Он смотрел жестко, собранно, и она, уловив перемену, тоже переменилась.

— Мне сказала об этом ваша мама.

— Со мной все в порядке! — возразил Саша.

— Но у вас и вправду измученный вид.

— Возможно. Только это не имеет значения!

— А почему вы тогда в таком возбуждении? — спокойно сказала Тамара Петровна.

Почему сорвался голос, почему он взмахнул рукой и вскинулся, Саша и сам не знал. Но ощутил, что его поймали, уличили, пока еще непонятно в чем.

— Я не возбужден! — воскликнул он со страстью. Ужасно глупо кричать, что ты не кричишь, и Саша понимал это, но ничего поделать с собой не мог.

Врачиха, собранная и настороженная — при исполнении служебных обязанностей, — глядела спокойно, и снова возникло у Саши гадостное ощущение, что попался. Врачиха все-таки его переиграла — легко и просто. Снова, как в кабинете Трескина, он почувствовал себя униженным и беспомощным — догнали и добивают.

— Мама!

Мать подслушивала тут же, за дверью, и не потрудилась это скрывать.
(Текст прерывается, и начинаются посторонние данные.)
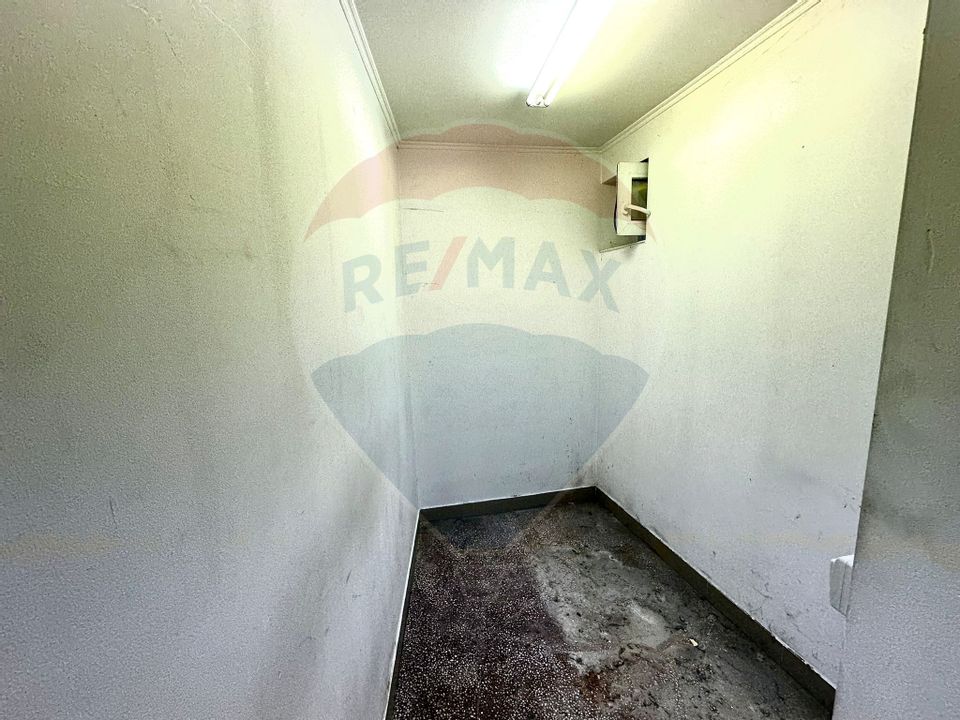 45sq.m Commercial Space for rent, Semicentral area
— Есть замечательное средство, — явилась она сразу же с предложением. — Из сильно действующих нейролептиков. Успокаивающее. Еще когда эта твоя девушка звонила, советовала. Очень за тебя беспокоилась. Замечательная подруга. Говорит, только не расспрашивайте его, не трогайте. Не донимайте его расспросами, ради бога!

— Какая девушка? — оторопел Саша. Потрясением явилась вдруг безумная мысль, что звонила Она, Люда. — Какая девушка? — повторил Саша с такой страстью, что мать запнулась и тревожно глянула на врачиху в ожидании помощи. Но Тамара Петровна молчала, она не тратила попусту слов, когда нечего было сказать.
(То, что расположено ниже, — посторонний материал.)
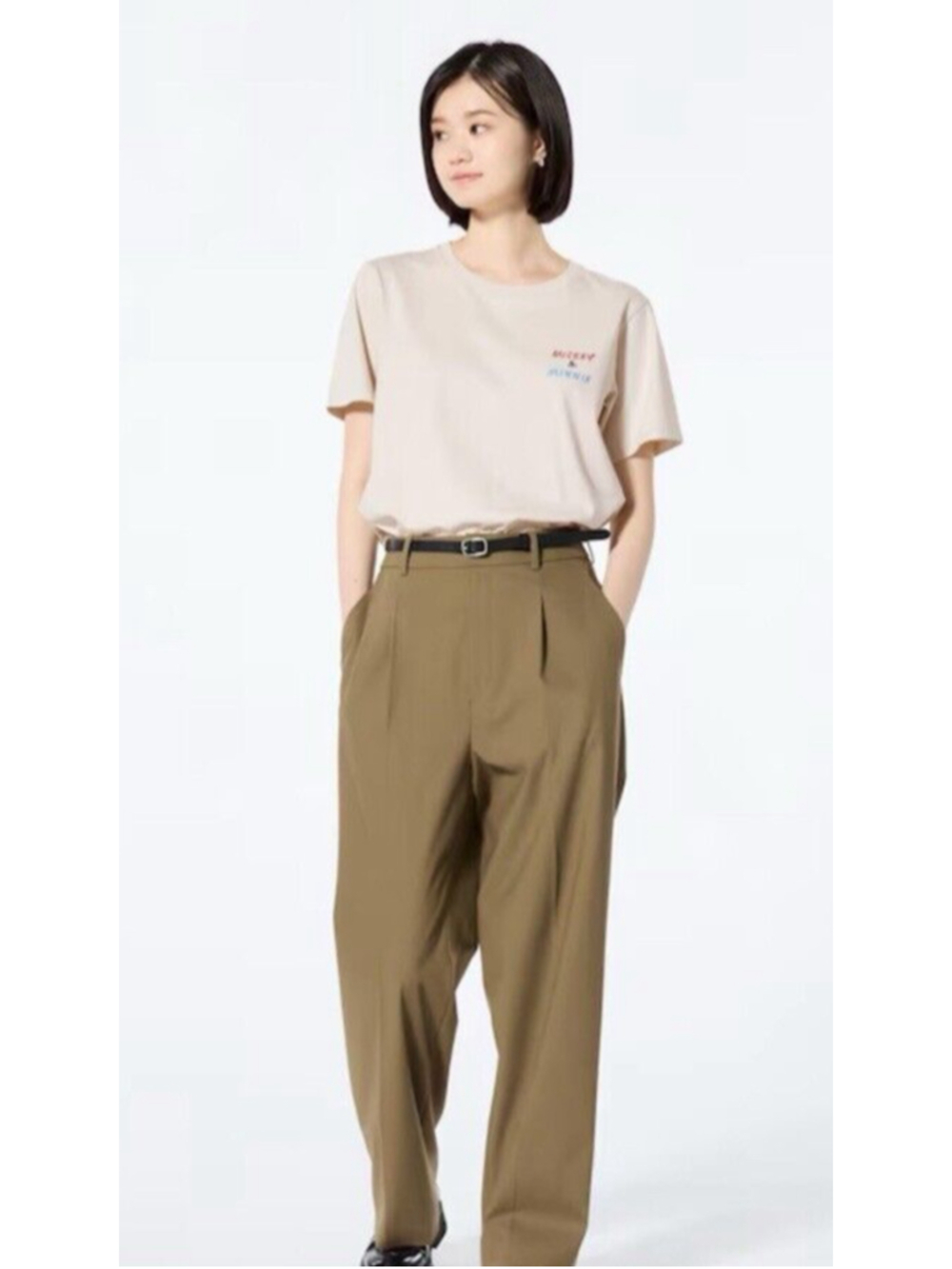 Uniqlo x Disney MAGIC FOR ALL w/ Yu Nagaba JP Mickey and Minnie Women Top - Picture 2 of 6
— Ну, ты сам знаешь, какая, — защищалась мать. — Ты лучше знаешь своих подружек… — Саша глядел пронизывающим взглядом. — Я поняла, что это твоя девушка…

— Она так сказала?

— Она… Она говорила: у Саши большое несчастье. Посоветуйтесь с психиатром.
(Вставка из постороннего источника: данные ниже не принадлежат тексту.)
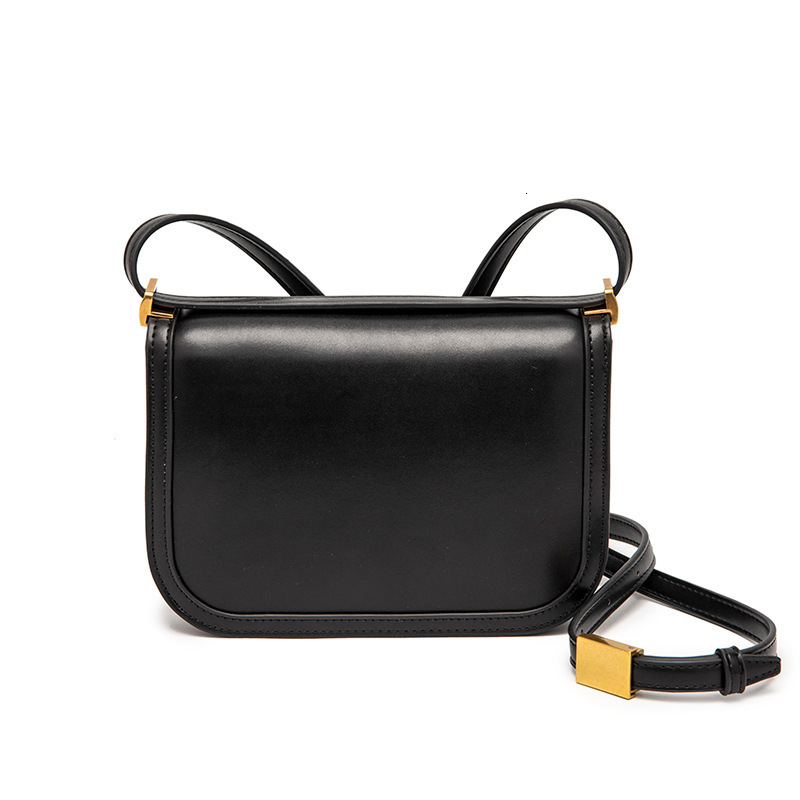 Chocolate Colored Tofu Metal Buckle Shoulder Bag, Women's New Fashionable Flip Up Underarm Bag Trend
«Аллочка!» — осенило его тут. Это нужно было сообразить с самого начала.

— И что она еще сказала? — спросил он почти с интересом.

— Она сказала… — мать снова покосилась на врачиху и, не дождавшись помощи, вынуждена была выкручиваться сама, — она сказала… что ты на грани самоубийства. — И обе, что та, что другая, уставились на него, выпытывая взглядом правду.

Саша рассмеялся, казалось ему, рассмеялся — что-то такое отозвалось внутри его смехом. Изуверская забота Аллочки зацепила что-то в душе и перевернула так, что он увидел собственную трагедию с изнанки, с какой-то другой, совсем не трагической… а непонятно уже какой стороны.

Он уселся и оглядел женщин веселым, насмешливым взглядом.

Все, что давило его до сих пор темной бесформенной тяжестью, обрело вдруг размеры и очертания. Вполне постижимые размеры и доступные глазу очертания. Это походило на переворот, на открытие, на ошеломительный фокус — нечто возникшее из ничего, — и он уже видел это, а они, — недоверчиво притихшие женщины, — нет. Ему хотелось смеяться — смехом глядящего на блистательный фокус ребенка.